- **DATA SUPPLIED**:
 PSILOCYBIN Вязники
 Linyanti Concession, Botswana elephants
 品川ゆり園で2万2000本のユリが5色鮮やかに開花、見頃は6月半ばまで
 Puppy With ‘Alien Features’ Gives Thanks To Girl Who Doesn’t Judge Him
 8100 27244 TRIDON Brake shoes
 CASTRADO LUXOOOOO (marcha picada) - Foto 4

==

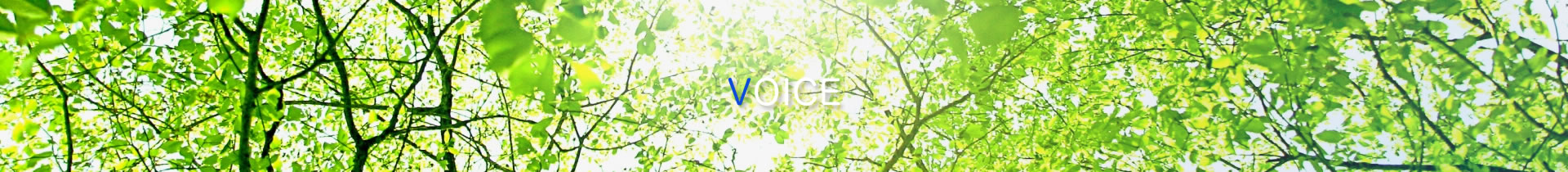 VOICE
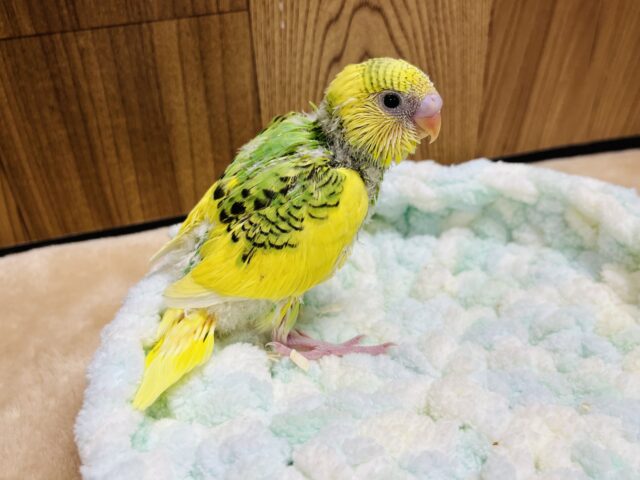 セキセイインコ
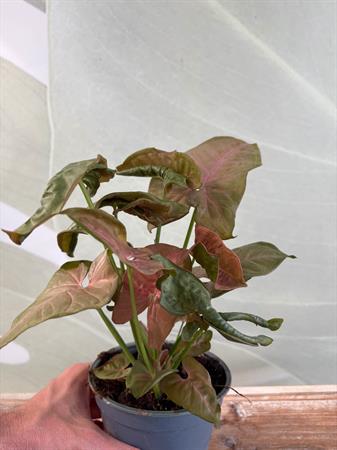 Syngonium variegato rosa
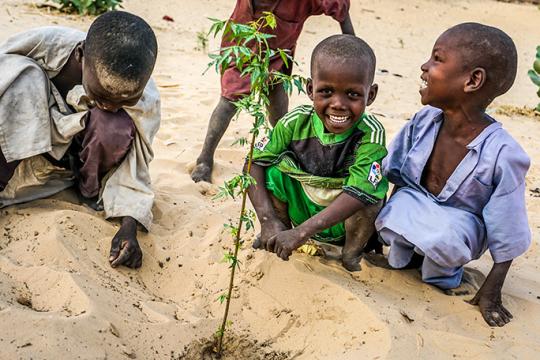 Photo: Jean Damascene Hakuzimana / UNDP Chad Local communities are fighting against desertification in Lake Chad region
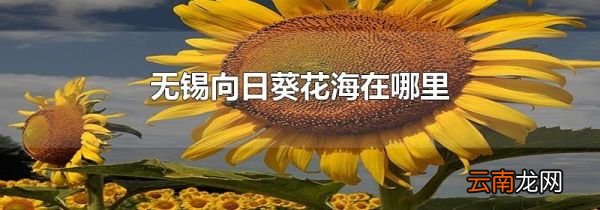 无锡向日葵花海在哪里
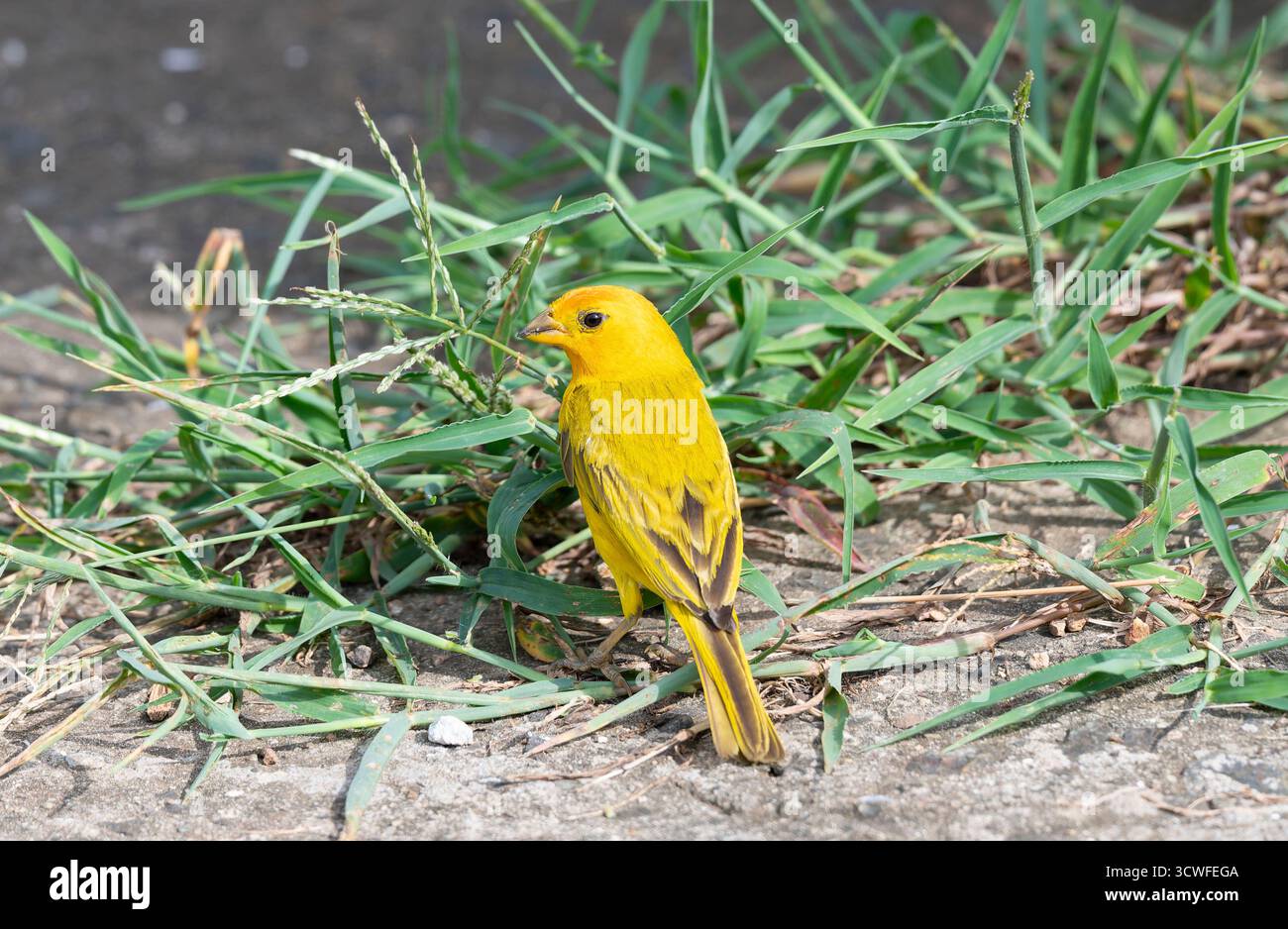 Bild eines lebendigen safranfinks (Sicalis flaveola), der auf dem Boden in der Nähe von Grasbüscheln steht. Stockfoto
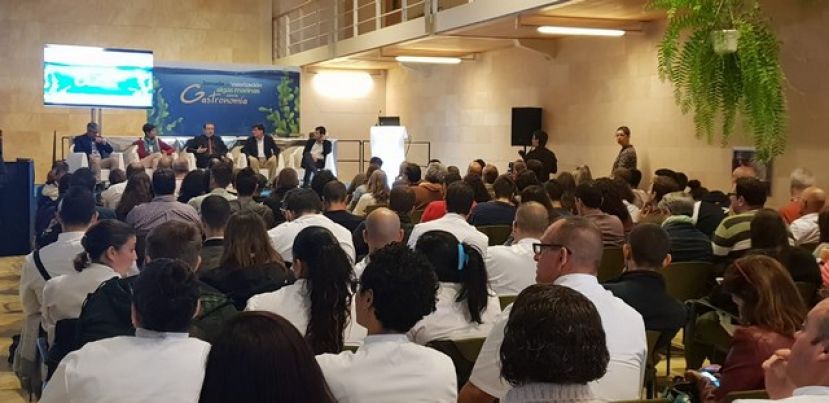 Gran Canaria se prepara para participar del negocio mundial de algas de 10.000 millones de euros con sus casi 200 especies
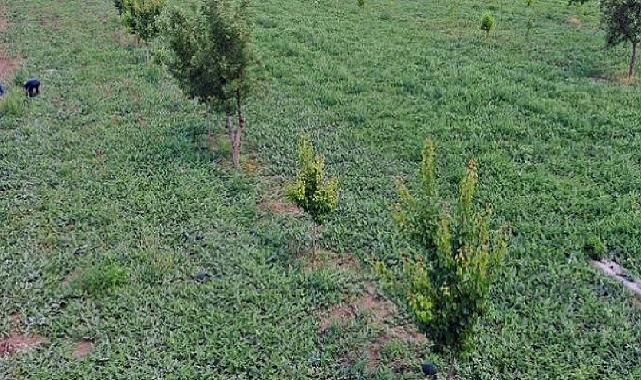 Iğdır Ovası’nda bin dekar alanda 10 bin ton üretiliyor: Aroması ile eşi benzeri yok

* * *

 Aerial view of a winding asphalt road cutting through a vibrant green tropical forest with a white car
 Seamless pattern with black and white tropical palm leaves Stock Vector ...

- **AIM OF THE EXERCISE**:
Using the records above, write out exactly the lines between the one holding "品川ゆり園で2万2000本のユリが5色鮮やかに開花、見頃は6月半ばまで" and the one holding "CASTRADO LUXOOOOO (marcha picada) - Foto 4", inclusive; leave everything else out.

- **YOUR RESPONSE**:
 品川ゆり園で2万2000本のユリが5色鮮やかに開花、見頃は6月半ばまで
 Puppy With ‘Alien Features’ Gives Thanks To Girl Who Doesn’t Judge Him
 8100 27244 TRIDON Brake shoes
 CASTRADO LUXOOOOO (marcha picada) - Foto 4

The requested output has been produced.